Il presidente di Unindustria è intervenuto nel seminario organizzato da Confindustria Cosenza in tema di responsabilità sociale degli imprenditori. Amarelli: «L’impresa non è soggetto egoistico»

COSENZA «La responsabilità sociale d’impresa interessa anche la Calabria perché diverse sono le aziende che hanno deciso di investire sul territorio, con progetti che si propongono di valorizzare l’ambiente, le persone che vi lavorano, la comunità. L’impresa non è un’isola, separata dall’ambiente sociale in cui opera. Al contrario, diventa sempre più un punto di riferimento per chi investe, per chi produce beni e strumenti, nonostante gli elevati costi a cui gli imprenditori devono far fronte per gestire la certificazione SA8000, in un territorio nel quale è già difficile fare impresa». È quanto ha affermato il presidente di Unindustria Calabria Natale Mazzuca in occasione del seminario “La responsabilità sociale d’impresa. Modelli virtuosi a confronto” svoltosi nella sede di Confindustria a Cosenza. «Nel corso degli ultimi anni – è scritto in un comunicato dell’associazione degli industriali – le imprese hanno continuamente ricevuto spinte per il miglioramento della qualità in ambiti diversi ed in riferimento ai prodotti e processi aziendali ed al rapporto con l’ambiente. Oggi l’orizzonte si è ulteriormente allargato, fino a coinvolgere la qualità del rapporto con la società». Al seminario sono intervenuti il presidente di Eni Foundation Domenico Noviello, il presidente di Confindustria Cosenza Fortunato Amarelli, il direttore di Unindustria Calabria Rosario Branda e il dirigente Massimo Sposato della Sposato Costruzioni Srl di Acri, che ha presentato il modello di responsabilità sociale.

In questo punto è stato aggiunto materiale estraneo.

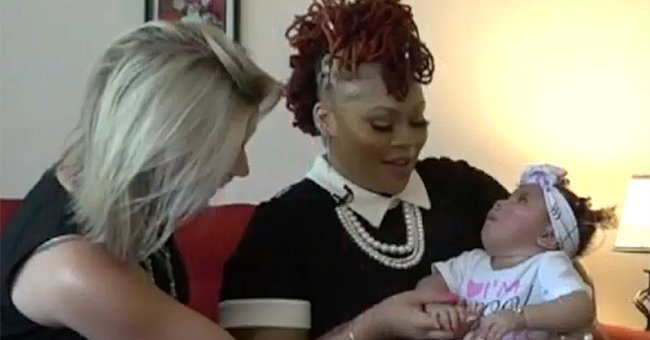 Monique Goldring holding her daughter,  Phoenix in her arms. | Source: youtube.com/CBS Miami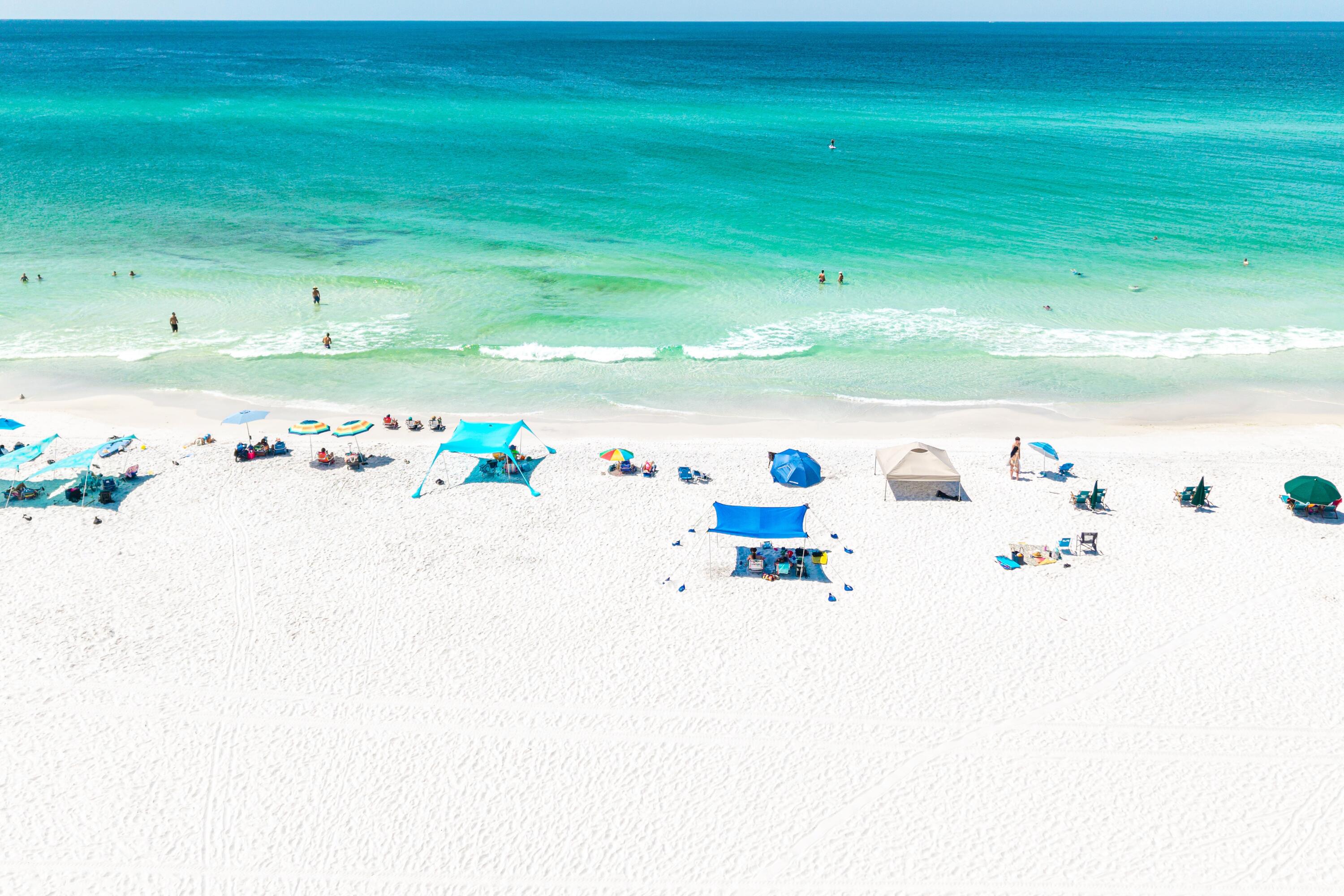 57 Pelayo Avenue Santa Rosa Beach, FL 32459 - Photo 42 of 43 a white cabinet with water heater and wooden cabinets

«L’impresa non è soggetto egoistico, che deve assolvere esclusivamente agli interessi degli azionisti o che deve solo far profitto – ha sostenuto il presidente di Confindustria Cosenza Fortunato Amarelli – ma organismo al centro della società, perché attraverso il lavoro che distribuisce, crea benessere diffuso e riconsegna dignità alle persone. Oggi questa stessa idea d’impresa è attenta alla sostenibilità, perché credibilità, responsabilità sociale ed etica, assumono sempre più connotati nuovi e consentono ai consumatori di esercitare scelte critiche e consapevoli sulla base di informazioni chiare ed evidenze di comportamenti coerenti».
«Nel corso dell’incontro – è detto ancora nel comunicato – il presidente di Eni Foundation Domenico Noviello ha illustrato il modello della multinazionale che fornisce il suo contributo alla transizione energetica verso un futuro low-carbon, promuovendo lo sviluppo di energia da fonti rinnovabili, grazie all’utilizzo di nuove tecnologie proprie sempre più efficienti, applicando i princìpi dell’economia circolare a tutte le sue attività».